The job guarantee has attracted some high-profile attention over the last year. In 2017, the Center for American Progress released a job guarantee proposal, something it calls a “Marshall Plan for America.” The Center for Budget and Policy Priorities followed up with its own report on designing a federal job guarantee this spring, and new polling from Data for Progress and Civis Analytics found that 52 percent of those surveyed backed the idea of guaranteeing “a job to every American adult, with the government providing jobs for people who can’t find employment in the private sector,” paid for “by a 5 percent income tax increase on those making over $200,000 per year.”
Potential Democratic presidential candidates have also elevated the idea. In March, Sen. Kirsten Gillibrand, D-N.Y., told The Nation she supports a federal job guarantee, followed by Sen.
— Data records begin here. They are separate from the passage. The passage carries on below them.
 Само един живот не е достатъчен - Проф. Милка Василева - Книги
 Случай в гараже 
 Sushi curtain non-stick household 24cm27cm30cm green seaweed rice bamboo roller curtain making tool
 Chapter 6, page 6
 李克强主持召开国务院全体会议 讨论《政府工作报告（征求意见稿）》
Cory Booker, D-N.J., putting out a bill in April to pilot a federal jobs guarantee over three years. Sen. Bernie Sanders, I-Vt., quickly followed suit with his own federal jobs guarantee proposal, as did Rep. Ro Khanna, D-Calif.
Not all left-leaning policy wonks are on board with the job guarantee. Matt Bruenig of the People’s Policy Project, a socialist think tank, argues that it amounts to little more than conservative work requirements by another name, and that the short-term, low-skilled jobs provided by the federal government will inevitably be stigmatized like TANF workfare programs were. (Job guarantee advocates strongly dispute this.)
Looking ahead, MMT advocates hope to grow their movement through grassroots organizing. One example they pointed to was Fed Up, a national campaign launched in 2015, whereby low-income workers and union members pressured the Federal Reserve to not hike interest rates, a rare instance of popular pressure being applied to monetary policy. Fed Up made the case that there was no inflation pressure forcing them to raise rates and that doing so would suppress their already low wages.
“What’s next is we have to plug the gaps, we have to answer the harder questions like designing legislation,” said Grey. “We need to make sure that our grassroots movement is on board with the message and framing, that we’re creating the right allies.”
A year ago, Grey said, MMT supporters were in a far different position. “No disrespect to anything before, but we have just been growing, the cavalry support is starting to arrive,” he said. “There was a period when there were five people who understood this stuff, then 10 and 15, and then there were thousands, but they were all across the world and online, and now suddenly you have other organizations and institutions willing to sign on board and talk about it, and it’s got its own center of gravity now.”
Grey knows assembling a mass of enthusiasm is not enough. “Now the trick is to turn that into something that spins like a planet, and put houses on it, and populate it with people,” he said. “The thing we’ve got to do next is go from having the right ideas and being recognized for that, to actually putting them in action.”